Directions for this task.
From the data below, retype exactly the lines starting with the one that contains "Beeswax, Usage/Application : Candles,Lip" and ending with the one that contains "ＭＩＮＩ クーパーＤ　クロス", both included.

Data in this exercise.
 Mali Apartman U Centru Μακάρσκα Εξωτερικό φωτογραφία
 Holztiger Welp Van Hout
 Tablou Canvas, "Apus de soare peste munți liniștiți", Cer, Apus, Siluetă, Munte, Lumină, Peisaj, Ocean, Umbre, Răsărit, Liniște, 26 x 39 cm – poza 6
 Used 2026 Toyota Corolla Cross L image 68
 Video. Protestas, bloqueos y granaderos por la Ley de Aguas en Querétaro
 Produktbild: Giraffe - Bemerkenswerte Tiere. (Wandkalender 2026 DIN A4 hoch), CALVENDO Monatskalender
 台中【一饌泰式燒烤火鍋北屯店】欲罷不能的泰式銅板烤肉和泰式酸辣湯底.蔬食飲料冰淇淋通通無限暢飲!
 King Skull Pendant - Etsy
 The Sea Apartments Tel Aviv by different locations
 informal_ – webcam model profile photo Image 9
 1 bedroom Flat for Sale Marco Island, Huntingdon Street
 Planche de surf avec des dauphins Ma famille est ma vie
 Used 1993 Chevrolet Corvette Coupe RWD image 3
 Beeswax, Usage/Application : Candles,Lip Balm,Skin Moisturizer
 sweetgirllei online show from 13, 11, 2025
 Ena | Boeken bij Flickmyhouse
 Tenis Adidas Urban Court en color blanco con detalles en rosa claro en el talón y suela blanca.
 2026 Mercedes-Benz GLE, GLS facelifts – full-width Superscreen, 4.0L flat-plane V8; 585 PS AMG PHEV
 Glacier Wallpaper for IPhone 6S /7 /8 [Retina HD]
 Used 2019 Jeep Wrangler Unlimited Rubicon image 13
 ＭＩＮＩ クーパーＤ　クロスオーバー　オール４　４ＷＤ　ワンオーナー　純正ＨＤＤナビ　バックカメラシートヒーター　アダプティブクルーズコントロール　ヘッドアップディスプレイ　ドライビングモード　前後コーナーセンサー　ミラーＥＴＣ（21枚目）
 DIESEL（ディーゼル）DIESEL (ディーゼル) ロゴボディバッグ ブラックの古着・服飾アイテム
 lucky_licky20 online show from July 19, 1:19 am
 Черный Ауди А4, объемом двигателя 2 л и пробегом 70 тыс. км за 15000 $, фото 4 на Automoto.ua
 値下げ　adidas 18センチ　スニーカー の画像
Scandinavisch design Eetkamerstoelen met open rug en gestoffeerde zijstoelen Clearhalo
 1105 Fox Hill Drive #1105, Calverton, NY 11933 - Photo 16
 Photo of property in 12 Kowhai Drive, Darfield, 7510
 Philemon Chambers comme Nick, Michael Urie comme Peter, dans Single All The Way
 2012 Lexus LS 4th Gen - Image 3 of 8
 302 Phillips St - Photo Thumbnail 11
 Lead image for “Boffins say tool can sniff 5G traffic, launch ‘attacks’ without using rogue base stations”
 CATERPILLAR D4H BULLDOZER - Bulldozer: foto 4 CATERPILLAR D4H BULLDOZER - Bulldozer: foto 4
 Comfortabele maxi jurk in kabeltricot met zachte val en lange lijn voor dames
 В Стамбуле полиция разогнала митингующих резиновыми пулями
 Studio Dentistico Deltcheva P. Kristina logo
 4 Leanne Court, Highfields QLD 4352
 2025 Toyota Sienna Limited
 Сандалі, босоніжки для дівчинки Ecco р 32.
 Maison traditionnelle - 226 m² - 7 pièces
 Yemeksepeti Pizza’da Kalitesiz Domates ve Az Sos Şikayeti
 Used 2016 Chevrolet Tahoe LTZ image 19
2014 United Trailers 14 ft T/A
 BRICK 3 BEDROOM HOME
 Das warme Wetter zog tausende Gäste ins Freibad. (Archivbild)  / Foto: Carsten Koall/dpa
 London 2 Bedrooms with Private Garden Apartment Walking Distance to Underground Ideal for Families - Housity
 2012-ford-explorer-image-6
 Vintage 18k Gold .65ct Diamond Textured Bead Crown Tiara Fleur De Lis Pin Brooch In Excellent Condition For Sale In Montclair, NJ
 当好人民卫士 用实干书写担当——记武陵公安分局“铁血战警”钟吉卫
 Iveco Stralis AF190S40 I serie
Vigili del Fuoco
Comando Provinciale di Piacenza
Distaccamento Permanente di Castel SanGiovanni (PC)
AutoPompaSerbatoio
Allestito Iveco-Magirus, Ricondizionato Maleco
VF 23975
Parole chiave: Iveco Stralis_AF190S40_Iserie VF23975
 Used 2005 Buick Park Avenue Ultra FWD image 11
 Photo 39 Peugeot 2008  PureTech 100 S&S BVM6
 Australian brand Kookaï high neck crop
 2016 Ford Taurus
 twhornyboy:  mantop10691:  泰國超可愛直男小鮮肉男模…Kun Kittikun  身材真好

Written response.
 Beeswax, Usage/Application : Candles,Lip Balm,Skin Moisturizer
 sweetgirllei online show from 13, 11, 2025
 Ena | Boeken bij Flickmyhouse
 Tenis Adidas Urban Court en color blanco con detalles en rosa claro en el talón y suela blanca.
 2026 Mercedes-Benz GLE, GLS facelifts – full-width Superscreen, 4.0L flat-plane V8; 585 PS AMG PHEV
 Glacier Wallpaper for IPhone 6S /7 /8 [Retina HD]
 Used 2019 Jeep Wrangler Unlimited Rubicon image 13
 ＭＩＮＩ クーパーＤ　クロスオーバー　オール４　４ＷＤ　ワンオーナー　純正ＨＤＤナビ　バックカメラシートヒーター　アダプティブクルーズコントロール　ヘッドアップディスプレイ　ドライビングモード　前後コーナーセンサー　ミラーＥＴＣ（21枚目）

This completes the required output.